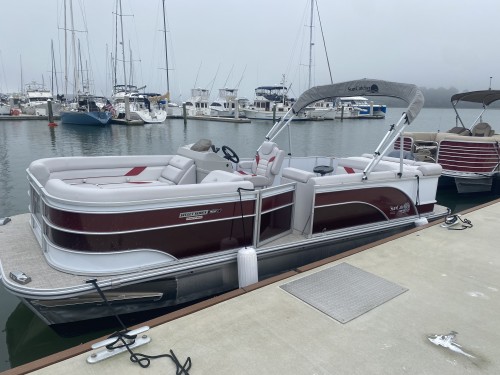 Island Freedom 28 Non Fishing Tritoon  boat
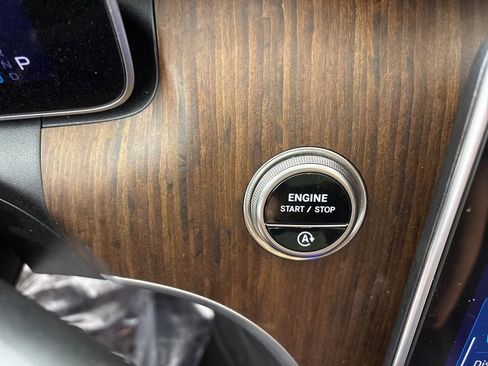 Used 2025 Mercedes-Benz C 300 4MATIC Sedan image 29
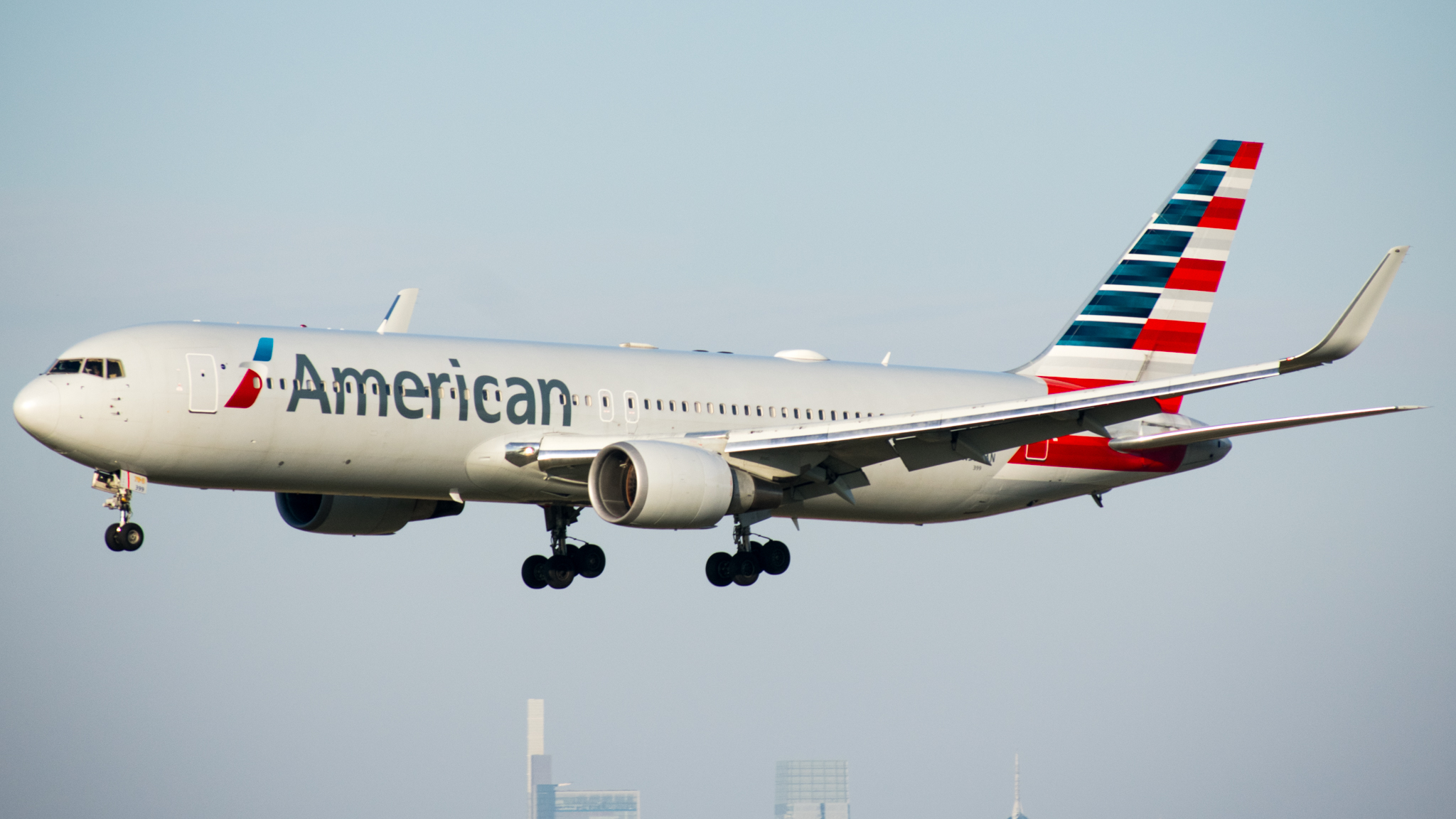 Full size: American Airlines Boeing 767-300 N399AN at Philadelphia International Airport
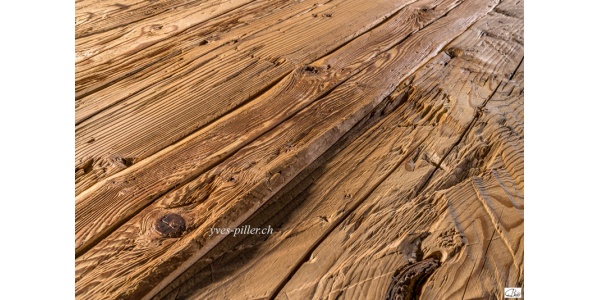 Geschnittene Bretter für Paneelverkleidung 1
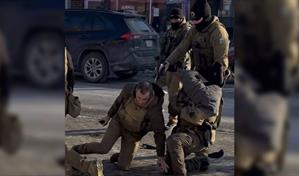 Videos muestran al hombre muerto en Mine&aacute;polis defendiendo a personas de agentes federales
------
▸ YOUR OBJECTIVE
Retyped exactly, the lines from the one holding "Used 2025 Mercedes-Benz" through the last line of the data above are the whole answer. Pictures stay out.

▸ YOUR RESPONSE
 Used 2025 Mercedes-Benz C 300 4MATIC Sedan image 29
 Full size: American Airlines Boeing 767-300 N399AN at Philadelphia International Airport
 Geschnittene Bretter für Paneelverkleidung 1
 Videos muestran al hombre muerto en Mine&aacute;polis defendiendo a personas de agentes federales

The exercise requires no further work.